*** SOURCE DATA ***
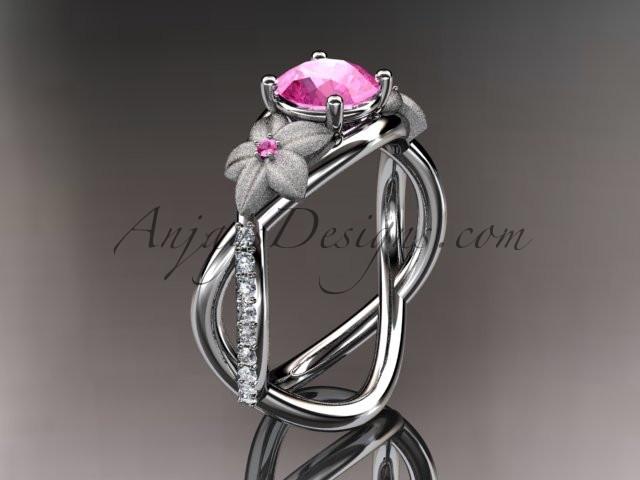 14kt white gold diamond leaf and vine birthstone ring ADLR90 Pink Tourmaline - October\'s birthstone.nature inspired jewelry - AnjaysDesigns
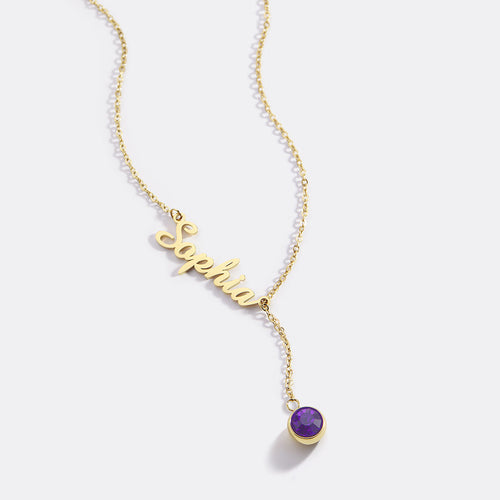 Birthstone Lariat Name Necklace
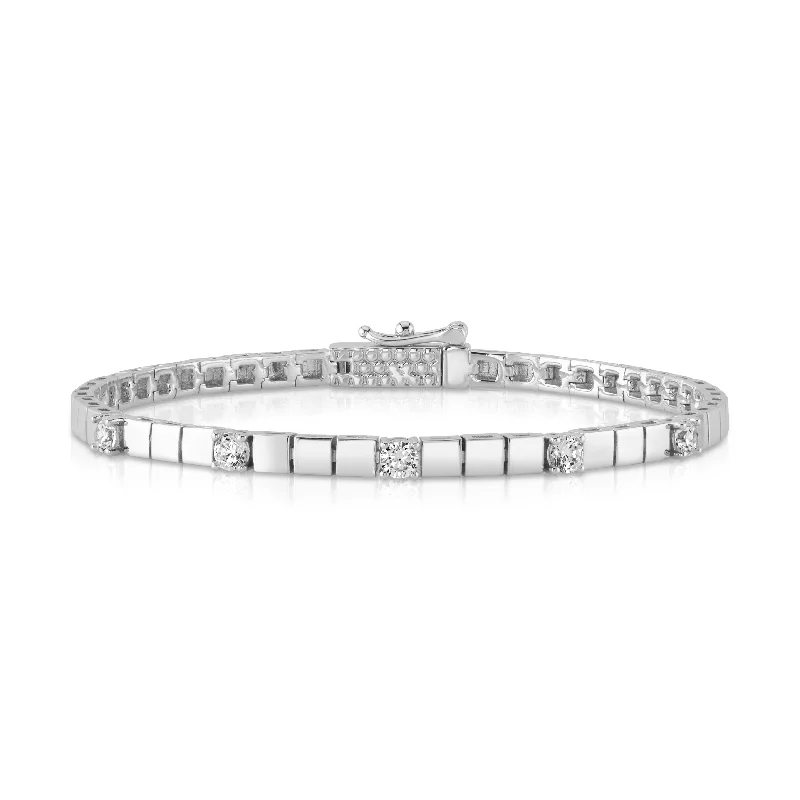 Bracelets For Women-CZ HARMONY SQUARE LINK BRACELET, SILVER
***
EXERCISE DIRECTIONS
Copy each line above exactly, with no images.

WRITTEN REPLY
 14kt white gold diamond leaf and vine birthstone ring ADLR90 Pink Tourmaline - October\'s birthstone.nature inspired jewelry - AnjaysDesigns
 Birthstone Lariat Name Necklace
 Bracelets For Women-CZ HARMONY SQUARE LINK BRACELET, SILVER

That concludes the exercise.